WORK ITEM =
From the first line to the last, set down the material exactly and drop every picture.

AVAILABLE DATA =
=======

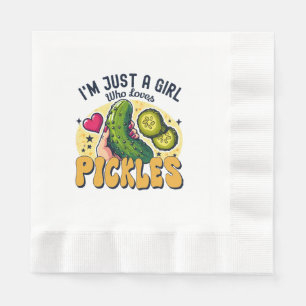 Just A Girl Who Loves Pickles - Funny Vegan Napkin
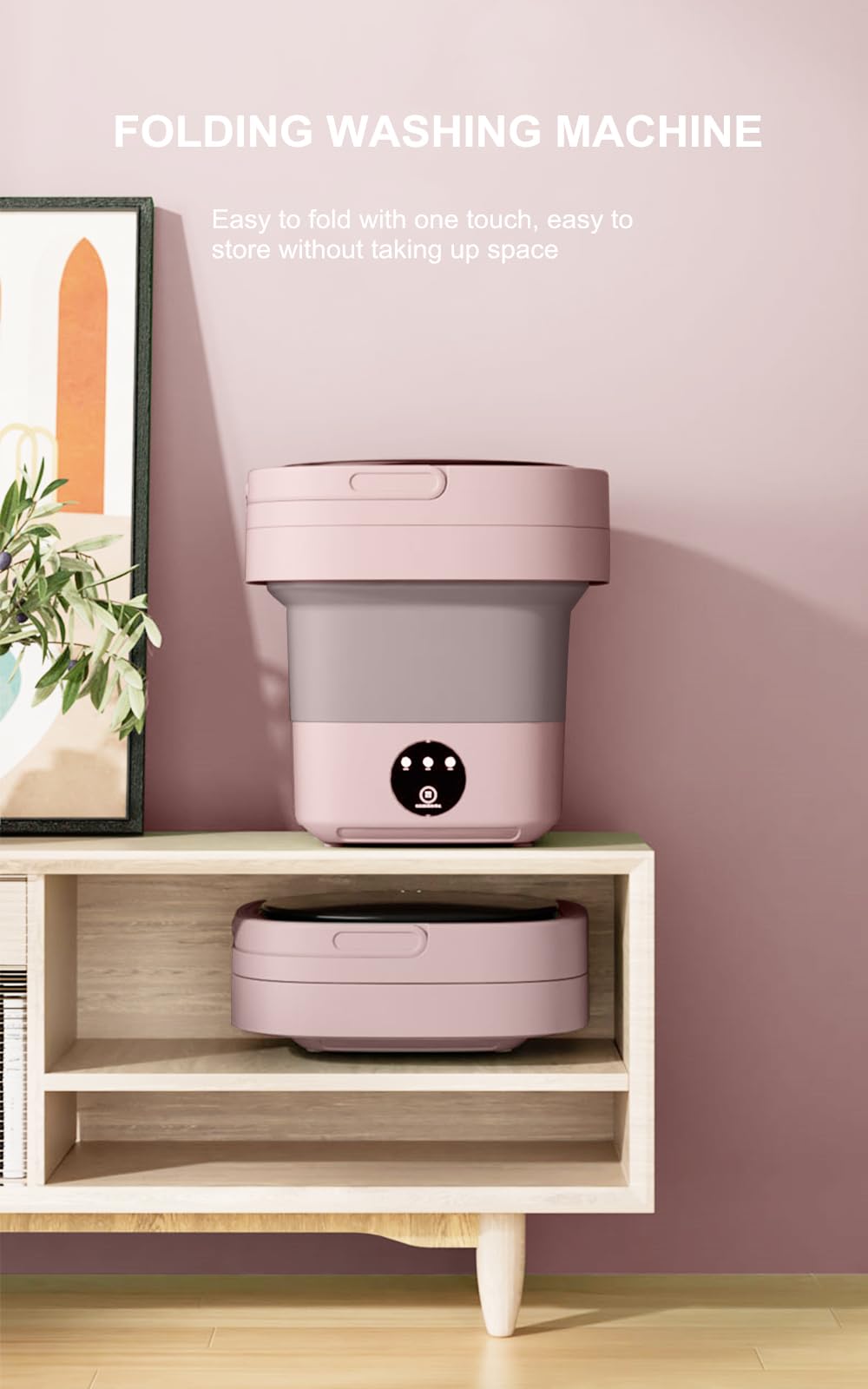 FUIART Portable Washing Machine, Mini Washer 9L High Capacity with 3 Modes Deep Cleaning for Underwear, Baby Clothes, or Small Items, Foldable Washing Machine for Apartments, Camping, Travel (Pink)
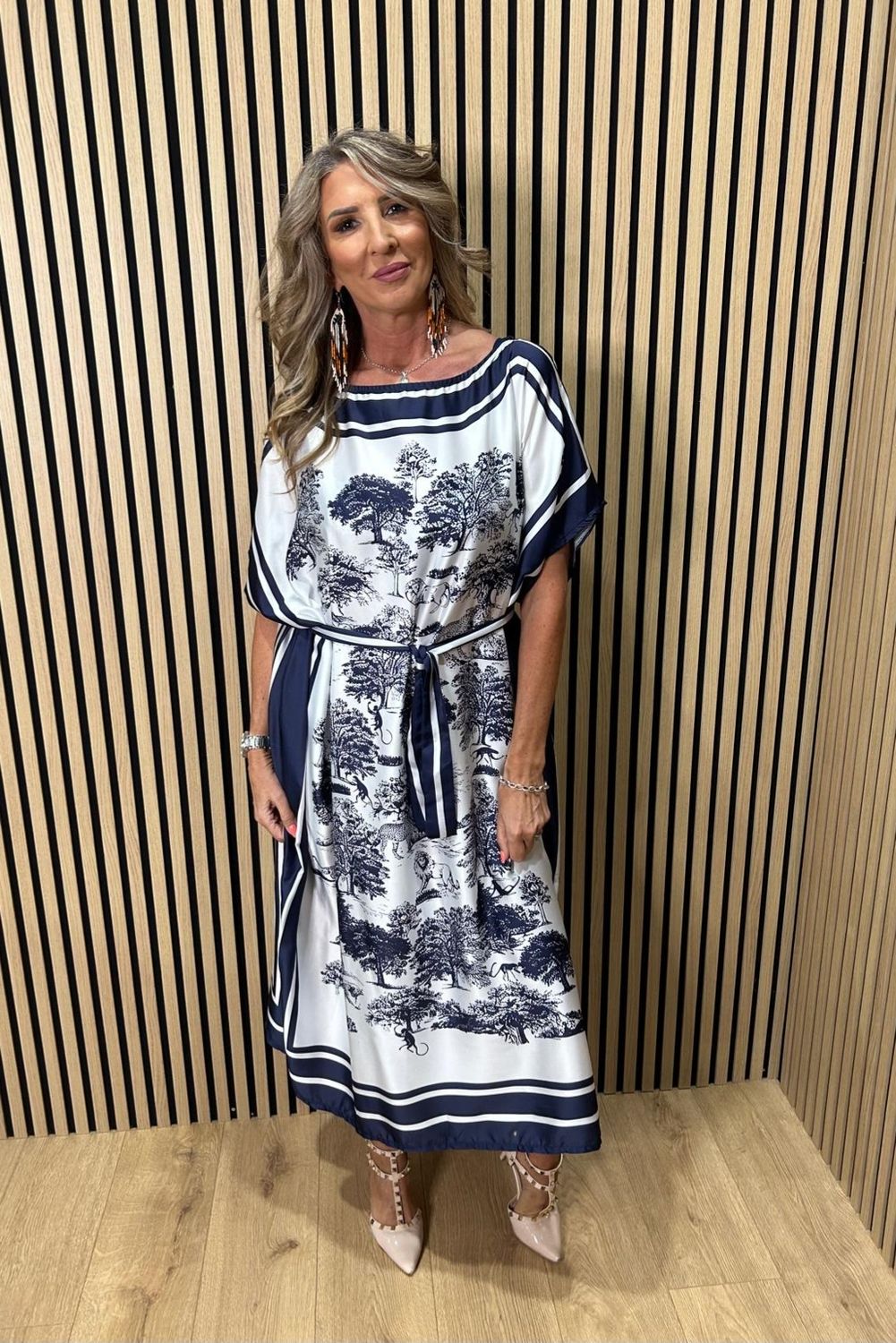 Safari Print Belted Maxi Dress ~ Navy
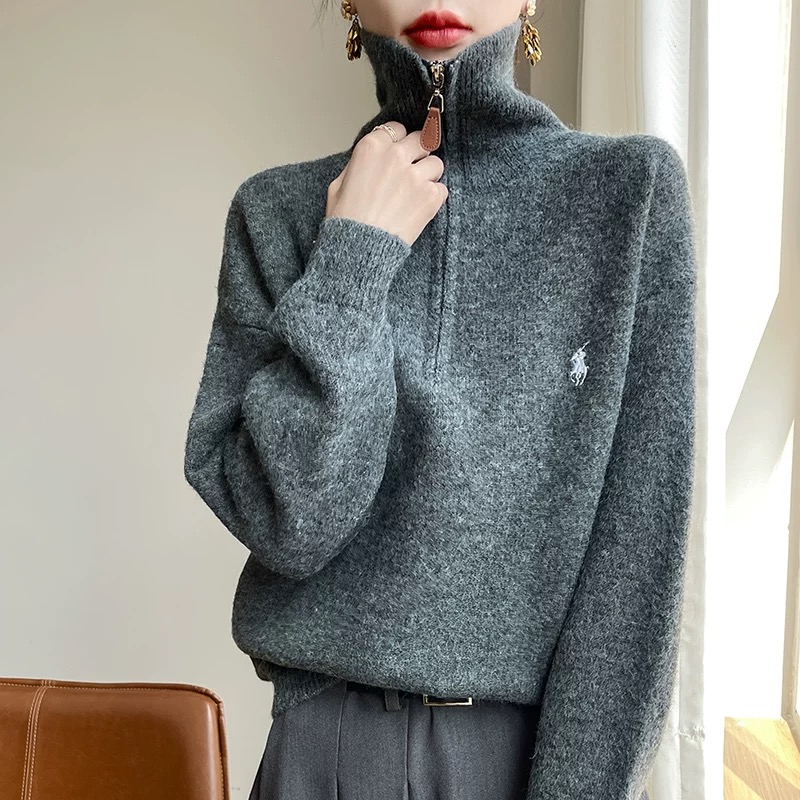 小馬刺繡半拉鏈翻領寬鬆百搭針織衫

=======

WRITTEN ANSWER =
 Just A Girl Who Loves Pickles - Funny Vegan Napkin
 FUIART Portable Washing Machine, Mini Washer 9L High Capacity with 3 Modes Deep Cleaning for Underwear, Baby Clothes, or Small Items, Foldable Washing Machine for Apartments, Camping, Travel (Pink)
 Safari Print Belted Maxi Dress ~ Navy
 小馬刺繡半拉鏈翻領寬鬆百搭針織衫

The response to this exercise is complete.